■ Materials provided ■
###
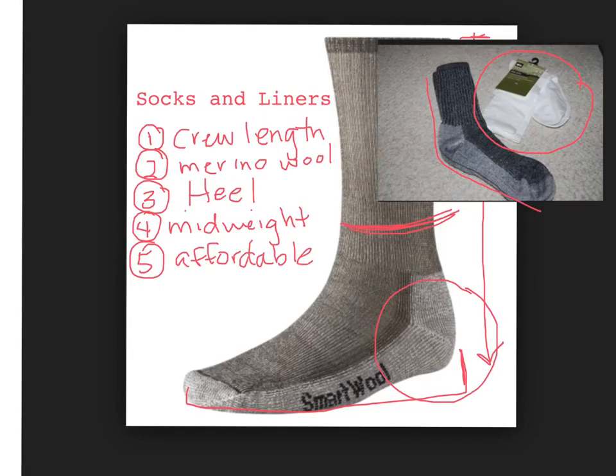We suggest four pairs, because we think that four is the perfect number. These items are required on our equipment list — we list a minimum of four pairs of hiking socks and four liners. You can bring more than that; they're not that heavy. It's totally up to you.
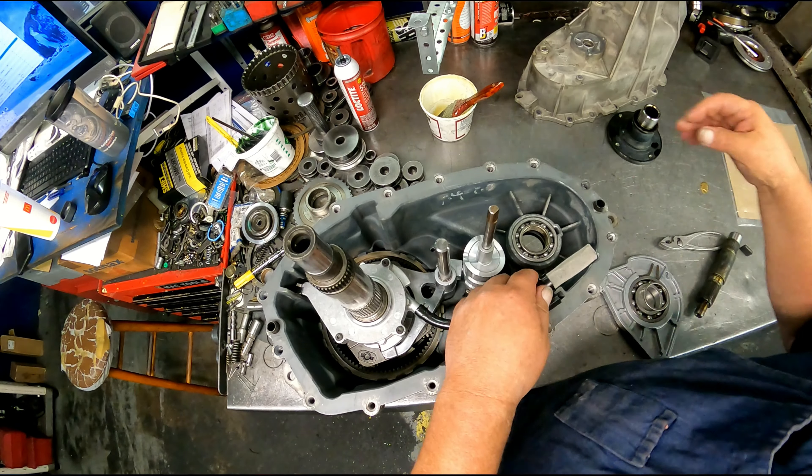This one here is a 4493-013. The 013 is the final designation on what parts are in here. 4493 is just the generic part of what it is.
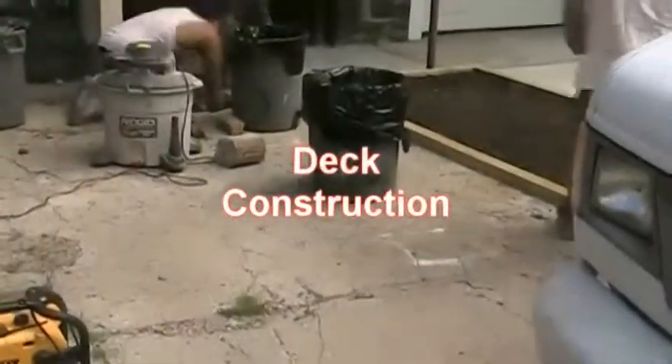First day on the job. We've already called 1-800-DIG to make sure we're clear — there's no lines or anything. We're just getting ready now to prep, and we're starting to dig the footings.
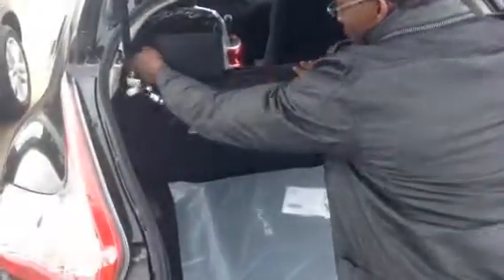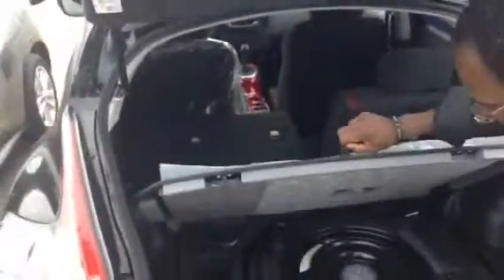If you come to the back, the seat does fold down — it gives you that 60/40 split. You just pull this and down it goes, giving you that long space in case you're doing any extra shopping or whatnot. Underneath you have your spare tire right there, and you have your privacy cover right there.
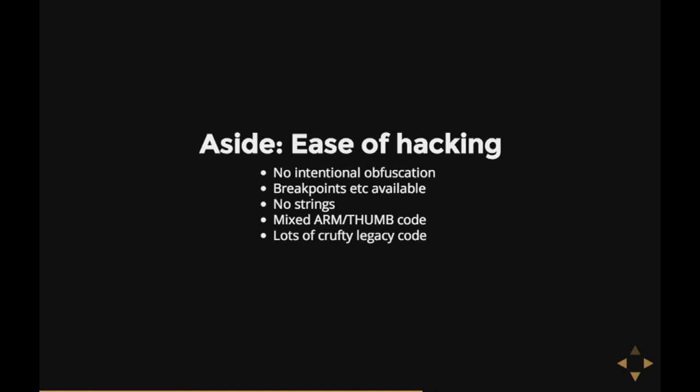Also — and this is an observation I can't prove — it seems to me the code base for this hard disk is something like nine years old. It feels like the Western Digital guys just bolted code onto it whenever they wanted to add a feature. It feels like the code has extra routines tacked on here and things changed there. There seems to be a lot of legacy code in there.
###
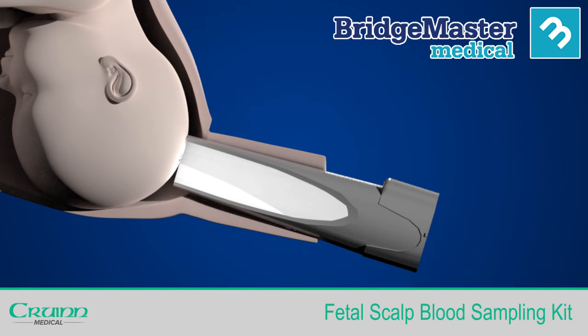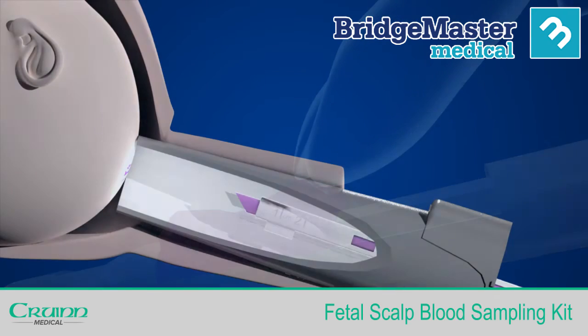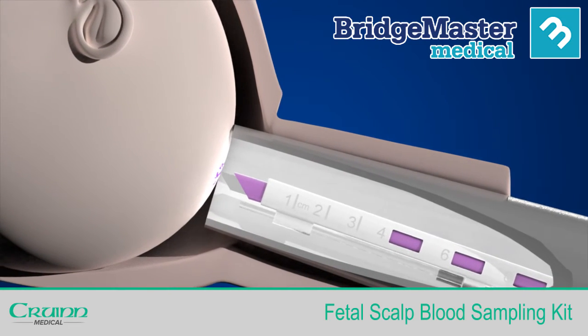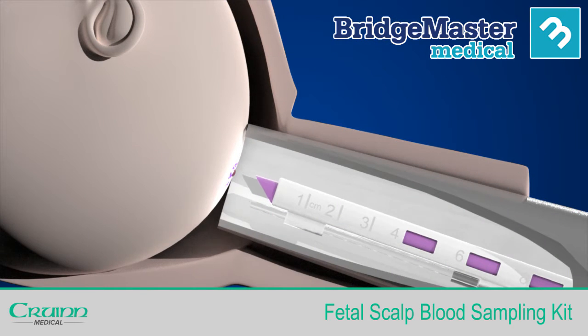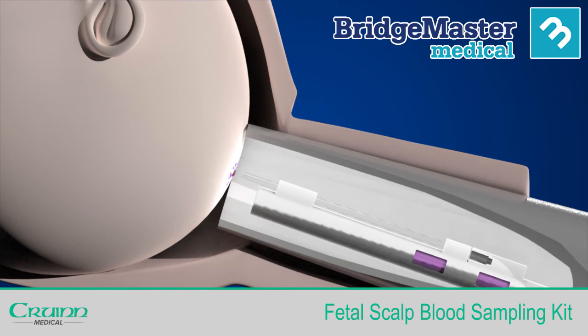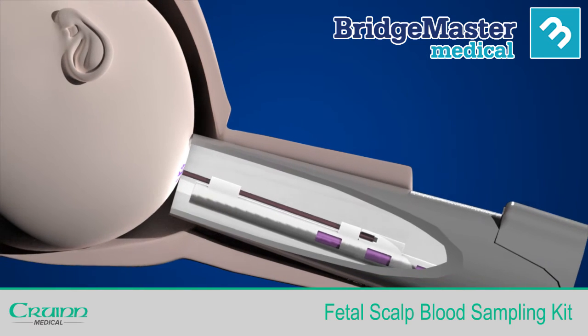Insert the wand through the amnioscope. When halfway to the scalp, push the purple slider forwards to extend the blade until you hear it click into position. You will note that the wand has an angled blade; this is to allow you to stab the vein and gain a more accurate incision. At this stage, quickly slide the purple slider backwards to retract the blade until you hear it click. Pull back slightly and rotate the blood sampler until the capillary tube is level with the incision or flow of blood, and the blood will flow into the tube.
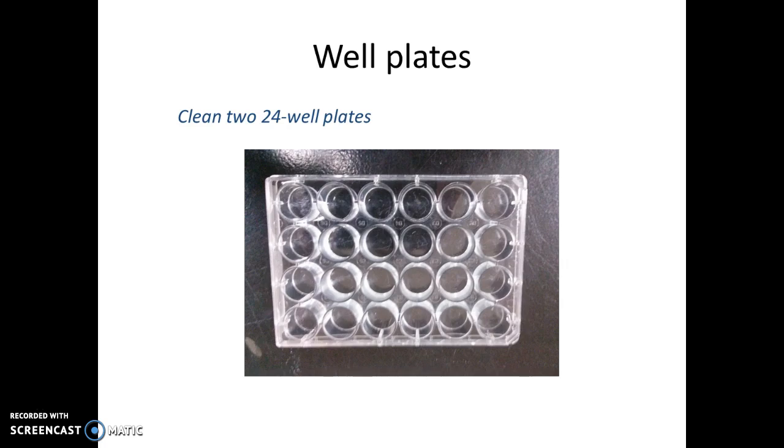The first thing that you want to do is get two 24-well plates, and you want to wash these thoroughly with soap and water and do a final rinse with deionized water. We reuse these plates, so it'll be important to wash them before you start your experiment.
###
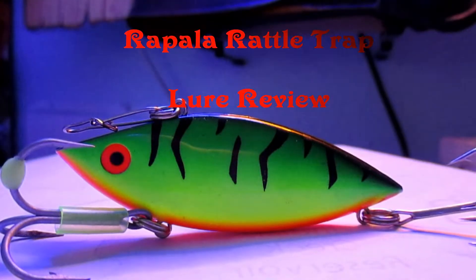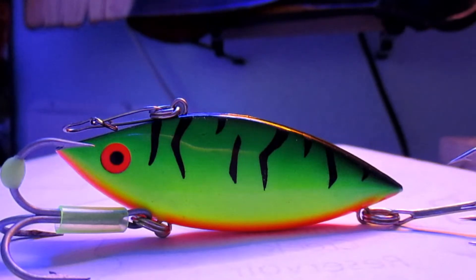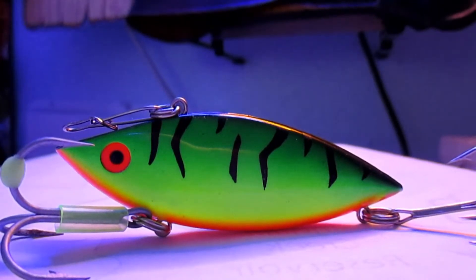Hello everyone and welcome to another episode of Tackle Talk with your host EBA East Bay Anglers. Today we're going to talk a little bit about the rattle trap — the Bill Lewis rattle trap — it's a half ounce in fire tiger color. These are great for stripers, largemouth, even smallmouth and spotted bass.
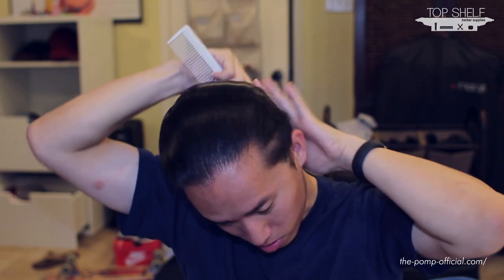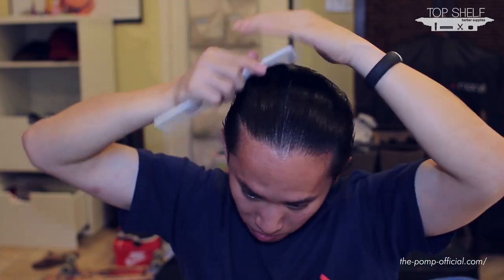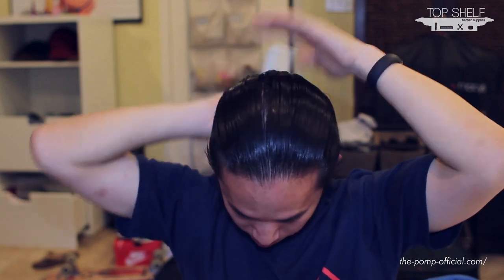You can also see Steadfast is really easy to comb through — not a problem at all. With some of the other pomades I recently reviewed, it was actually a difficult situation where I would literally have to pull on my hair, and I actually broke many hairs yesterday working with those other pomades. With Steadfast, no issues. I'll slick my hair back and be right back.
###
Exact copy, pictures excluded: from the line with "This one here" up to and including the line with "First day on" in the data above.

This one here is a 4493-013. The 013 is the final designation on what parts are in here. 4493 is just the generic part of what it is.
First day on the job. We've already called 1-800-DIG to make sure we're clear — there's no lines or anything. We're just getting ready now to prep, and we're starting to dig the footings.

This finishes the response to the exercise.